Moving forward, we plan to provide this feedback to ED staff which will hopefully lead to increased utilization and improve documentation practices around role of CE in clinical decision making. In addition we plan on continuing the review of clinical notes for an eventual financial analysis of savings to the patient and the health system.

Table 1.

CE Impact on Patient Care

Yes No IDK
Has CE eliminated the need for certain procedures to be performed 60.2% (n = 62) 10.7% (n = 11) 29.1% (n = 30)
Has CE eliminated the need for a laboratory test to be performed 53.4% (n = 55) 13.6% (n = 14) 33.0% (n = 34)
Has CE eliminated the need for an imaging procedure to be performed 69.7% (n = 69) 7.1% (n = 7) 23.2% (n = 23)
Has CE helped identify a drug seeking patient 73.8% (n = 76) 2.9% (n = 3) 23.3% (n = 24)

Footnotes

Clinical Relevance

This research demonstrates the utility of a point-to-point HIE in reducing the amount of diagnostic testing needed in the emergency department. The providers felt that the HIE was a valuable tool as it assisted them in providing more efficient care and increasing throughput in the ED.

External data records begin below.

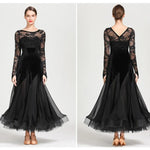 Women Hollow Lace Stitching Boat Neck Mermaid Dress Stage Dance Wear Latin Ballroom Dress Tango Costume Ball Gown - DancerInn - 26310083150007 - 26310083150007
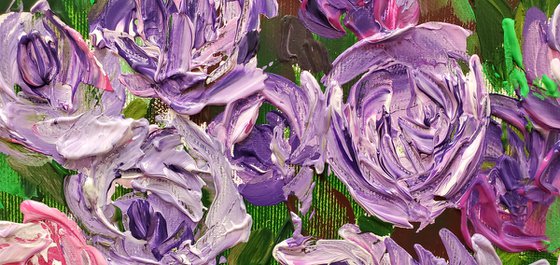 FIELD OF PURPLE PINK WHITE  ROSES  palette knife modern decor MEADOW OF FlOWERS, LANDSCAPE,  office home decor gift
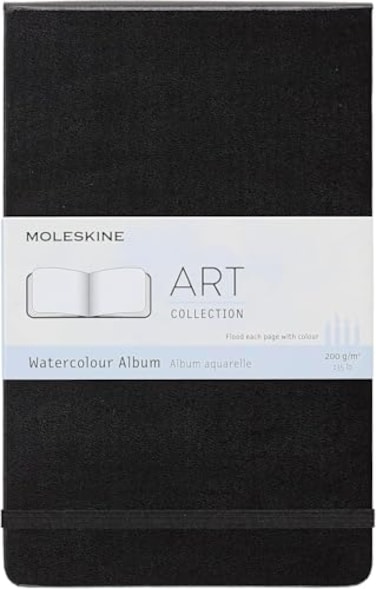 Moleskine Art Watercolor Album Hard Cover PlainBlank Large 5 x 825 Black 72 Pages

Human Subjects Protections Statement

The study was performed in compliance with the World Medical Association Declaration of Helsinki on Ethical Principles for Medical Research Involving Human Subjects, and was reviewed by the Allina Health Institutional Review Board (IRB #3502–1E.)

Funding Statement

This research received no specific grant from any funding agency in the public, commercial or not-for-profit sectors.

Competing Interests Statement

The authors have no competing interests to declare.

Contributorship Statement

All authors have contributed to this work in design, acquisition, analysis, interpretations or data and in drafting and reviewing this manuscript.